▶ DIRECTIONS FOR THIS TASK:
Retype all the entries word for word, but omit the pictures.

▶ EXERCISE DATA:
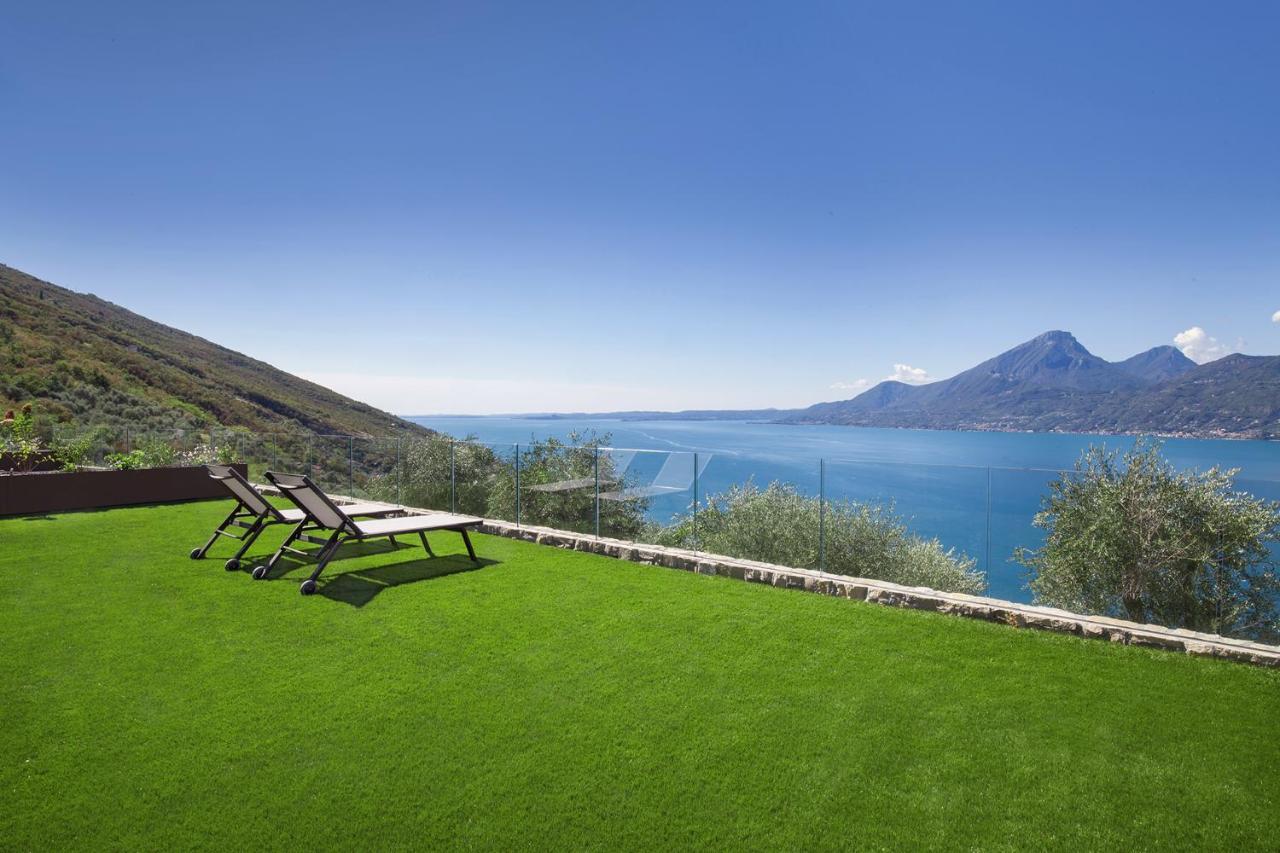 Villa Divina - Apt Icona Con Piscina E Vista Lago Castelletto Di Brenzone Exterior photo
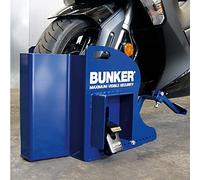 Bunker BP68S Antirrobo Scooter Parking Máxima Seguridad, con Calzo de Rueda Ajustable, Anclaje Scooter Blindado, Candado Acero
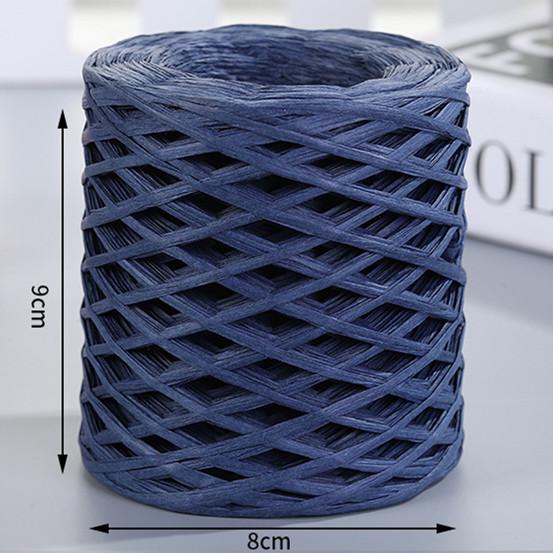 200 м Натуральная рафия Соломенная пряжа для вязания крючком Бумажные нити Экологичная бумажная пряжа DIY Ручная работа Летняя шляпа от солнца Пляжная сумка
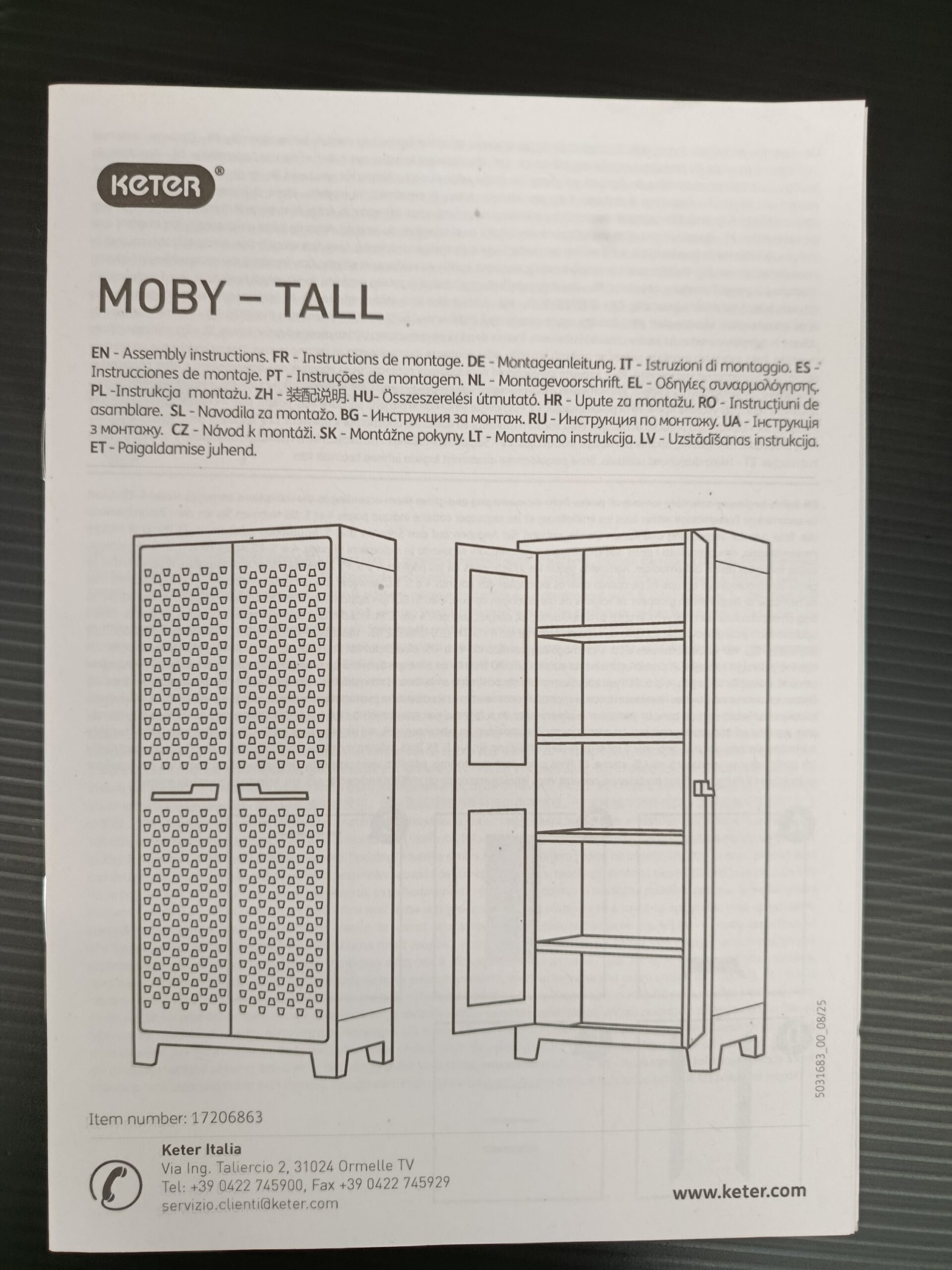 Keter Armario Moby Alto - Imagen 10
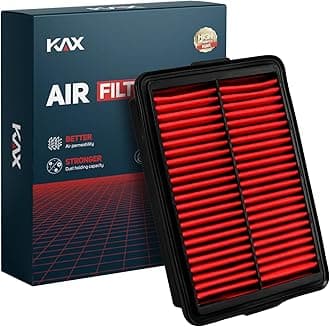KAX Premium Engine Air Filter, CA12057 Replacement for Elantra 2017-2020, Forte, Forte5 2019-2024, Kona, Elantra GT 2018-2023, Soul2020-2025, Veloster 2019-2021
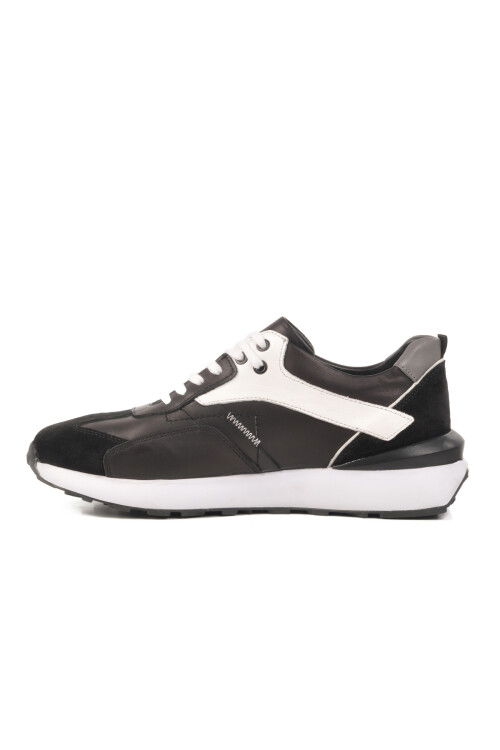 Black and White Genuine Leather Mens Casual Shoes 2Y1076-6285 M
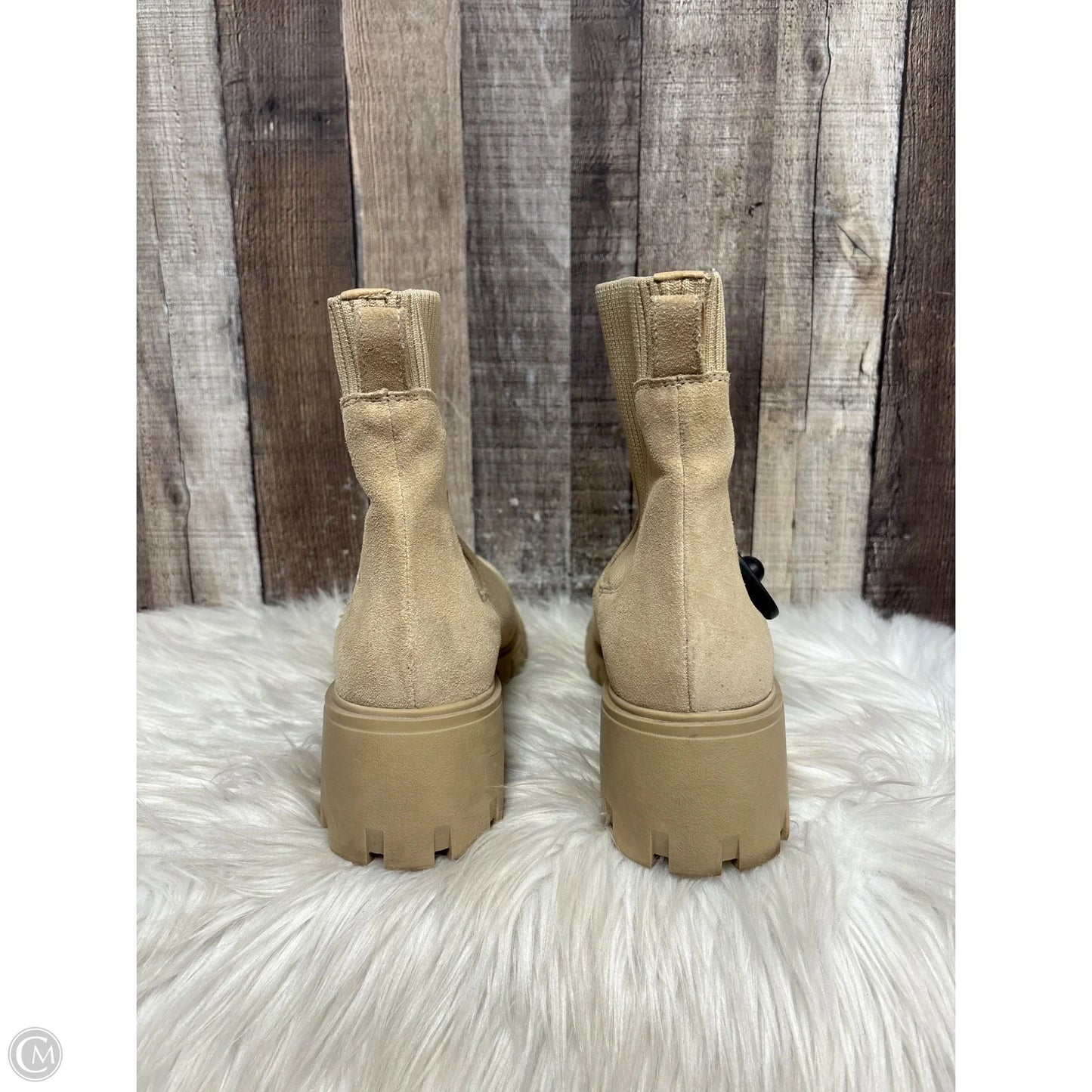 Boots Ankle Heels By Steve Madden In Beige, Size: 11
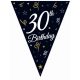 Happy Birthday 30 BandC zászlófüzér 270 cm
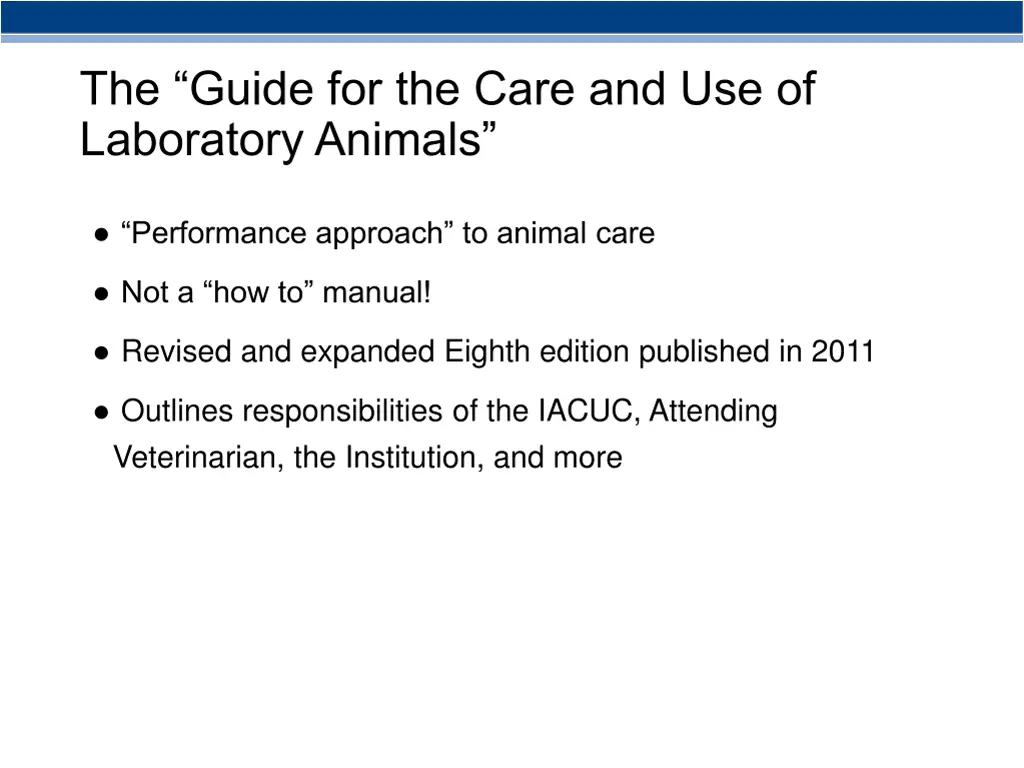 the guide for the care and use of laboratory 1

▶ RESPONSE:
 Villa Divina - Apt Icona Con Piscina E Vista Lago Castelletto Di Brenzone Exterior photo
 Bunker BP68S Antirrobo Scooter Parking Máxima Seguridad, con Calzo de Rueda Ajustable, Anclaje Scooter Blindado, Candado Acero
 200 м Натуральная рафия Соломенная пряжа для вязания крючком Бумажные нити Экологичная бумажная пряжа DIY Ручная работа Летняя шляпа от солнца Пляжная сумка
 Keter Armario Moby Alto - Imagen 10
KAX Premium Engine Air Filter, CA12057 Replacement for Elantra 2017-2020, Forte, Forte5 2019-2024, Kona, Elantra GT 2018-2023, Soul2020-2025, Veloster 2019-2021
 Black and White Genuine Leather Mens Casual Shoes 2Y1076-6285 M
 Boots Ankle Heels By Steve Madden In Beige, Size: 11
 Happy Birthday 30 BandC zászlófüzér 270 cm
 the guide for the care and use of laboratory 1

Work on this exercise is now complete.